You are on-call for an infrastructure service that has a large number of dependent systems. You receive an alert indicating that the service is failing to serve most of its requests and all of its dependent systems with hundreds of thousands of users are affected. As part of your Site Reliability Engineering (SRE) incident management protocol, you declare yourself Incident Commander (IC) and pull in two experienced people from your team as Operations Lead (OL) and Communications Lead (CL). What should you do next?
A. Look for ways to mitigate user impact and deploy the mitigations to production.
B. Contact the affected service owners and update them on the status of the incident.
C. Establish a communication channel where incident responders and leads can communicate with each other.
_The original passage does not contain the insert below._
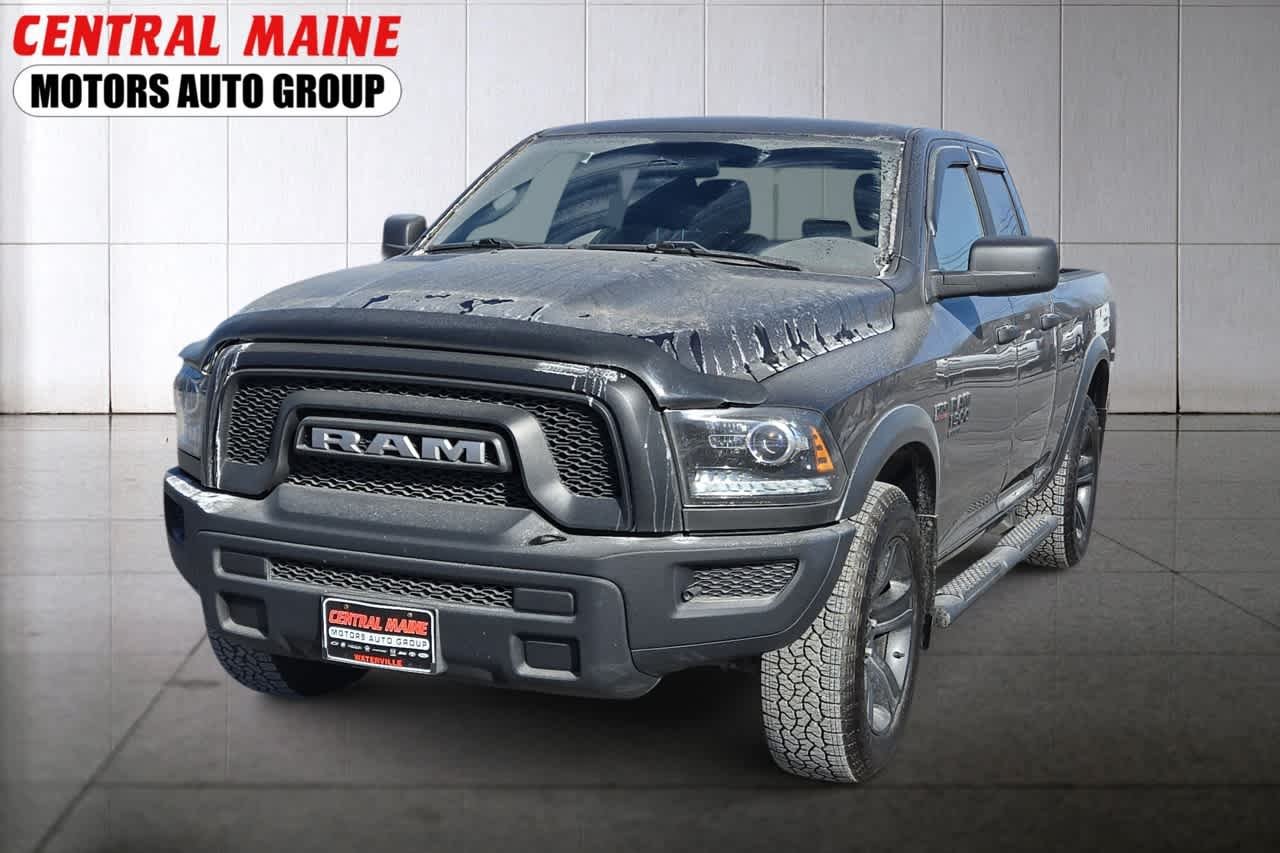 2021 RAM Ram 1500 Classic Warlock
D. Start a postmortem, add incident information, circulate the draft internally, and ask internal stakeholders for input.
Disclaimer
This is a practice question. There is no guarantee of coming this question in the certification exam.
Answer
C
Explanation
A. Look for ways to mitigate user impact and deploy the mitigations to production.
(It is also an important step but should be taken in parallel with establishing a communication channel.)
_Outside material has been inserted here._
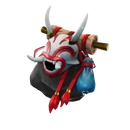 White Fang - Back Bling - Fortnite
B. Contact the affected service owners and update them on the status of the incident.
(It is also important but should be done during the incident management process.)
C. Establish a communication channel where incident responders and leads can communicate with each other.
(https://sre.google/workbook/incident-response/
Prepare Beforehand
In addition to incident response training, it helps to prepare for an incident beforehand. Use the following tips and strategies to be better prepared.
Decide on a communication channel
Decide and agree on a communication channel [Slack, a phone bridge, IRC, HipChat, etc.] beforehand.
Keep your audience informed
Unless you acknowledge that an incident is happening and actively being addressed, people will automatically assume nothing is being done to resolve the issue. Similarly, if you forget to call off the response once the issue has been mitigated or resolved, people will assume the incident is ongoing. You can preempt this dynamic by keeping your audience informed throughout the incident with regular status updates. Having a prepared list of contacts (see the next tip) saves valuable time and ensures you don’t miss anyone.)
D. Start a postmortem, add incident information, circulate the draft internally, and ask internal stakeholders for input.
(It is important and should be done later once the incident is resolved.)